Cultura | BA

Uma artista fora de todas as molduras
No dia 6 de maio, das 19h às 21h, a Aliança Francesa de Salvador abre suas portas para a exposição “Emma Valle na coleção de Dimitri Ganzelevitch”. Com curadoria do próprio colecionador, a mostra reúne cerca de 40 obras da enigmática e extraordinária artista baiana, entre óleos sobre tela, gamelas entalhadas, talhas, azulejos, pedaços de fogão e o que mais coubesse em sua fúria criativa.
Emma Valle não pintava quadros. Ela deixava escapar mundos inteiros.
Nascida e morta em Salvador, a artista construiu sua trajetória à margem dos salões convencionais, firmando-se como a maior representante baiana da chamada Arte Fora das Normas — um universo onde o cotidiano se torna épico e os suportes se tornam personagens. O Cartola Internacional, pensão na Ladeira de Santa Teresa onde viveu e trabalhou por décadas, virou seu ateliê, santuário e cenário de delírios. Dali brotaram imagens de orixás, igrejas barrocas, barcos, burros, santos, fiações elétricas, burgueses frustrados e peixes que quase arrastam seus donos para dentro da água.

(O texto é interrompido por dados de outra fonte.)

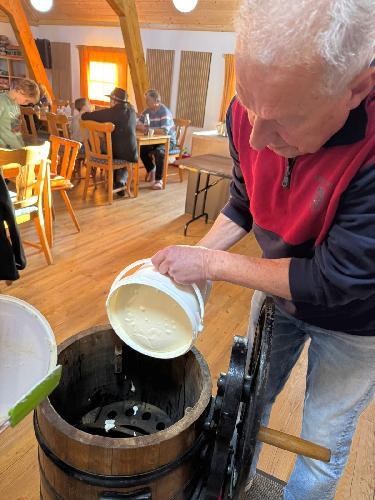 Ausbuttern beim Heimat- und Trachtenverein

A artista costumava dizer que cada obra sua contava uma história. Literalmente: suas peças vinham acompanhadas por longos títulos explicativos, assinaturas e datas repetidas, às vezes até o preço. Tudo isso esculpido com tinta e obsessão. E se alguém duvidasse da durabilidade de suas criações, Emma tinha uma resposta afiada: “Meus quadros duram séculos, como os de Miguel Ângelo”.
No entanto, reduzi-la a uma artista naïf seria desonesto. Emma não buscava o lirismo da ingenuidade, mas sim o abismo do instinto. Como os artistas de Art Brut, definidos por Jean Dubuffet, ou os pacientes de Nise da Silveira, Emma falava com as imagens do inconsciente — um inconsciente tropical, urbano, afrobarroco.

A exposição é também uma celebração dessa redescoberta. Vinte e cinco anos após sua morte, o mercado de arte começa a reavaliar seu legado com a atenção que sempre mereceu. A mostra será seguida de um coquetel e um debate com o professor Luiz Freire (Escola de Belas Artes da UFBA), e com o próprio Dimitri Ganzelevitch.

Antes de Emma, um nome ajuda a entender o início dessa trajetória improvável: Reinaldo Eckenberger. Foi ao lado do artista argentino que Emma, então dona da pensão Cartola Internacional, trocou a rotina pelo espanto. Eles não se tornaram um coletivo, nem um casal, nem rivais. Foram dois satélites livres, girando em torno de suas próprias febres criativas, em uma Salvador que já parecia surreal.
Essa é mais do que uma exposição. É uma chance rara de se aproximar de uma artista que viveu e morreu como criou: fora das molduras, mas dentro de algo imenso.